◆ **PROBLEM DESCRIPTION**
Retype the data below exactly; skip every image.

◆ **AVAILABLE DATA**
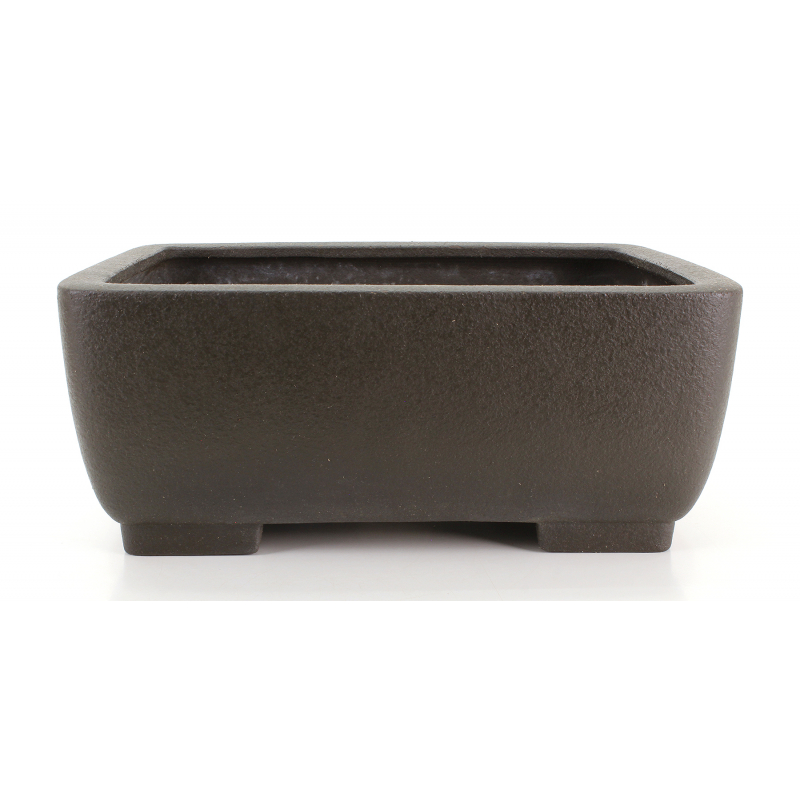 Bonsai pot JTA8466 KAIYOU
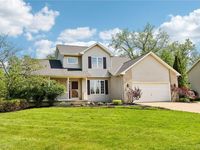 home photo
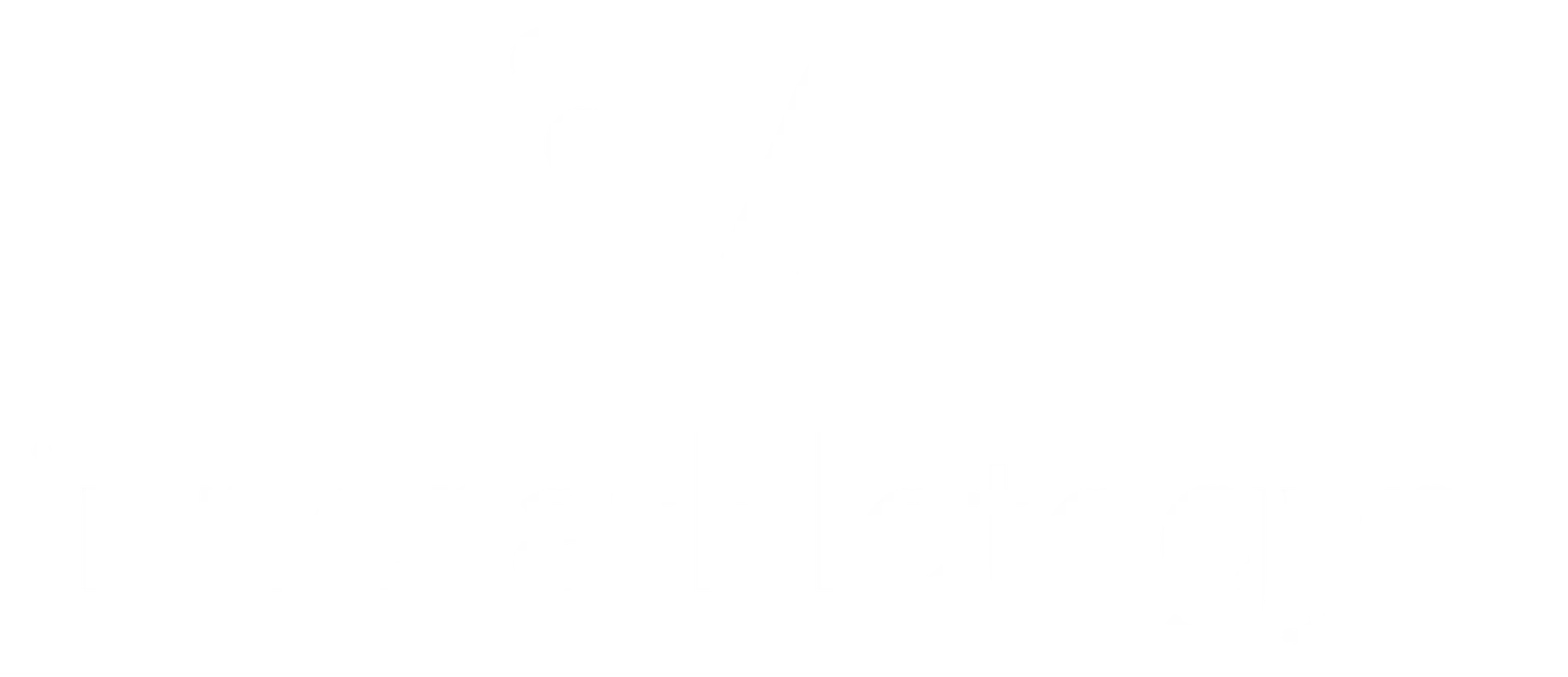 Basingstoke School of Martial Arts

◆ **SOLUTION**
 Bonsai pot JTA8466 KAIYOU
 home photo
 Basingstoke School of Martial Arts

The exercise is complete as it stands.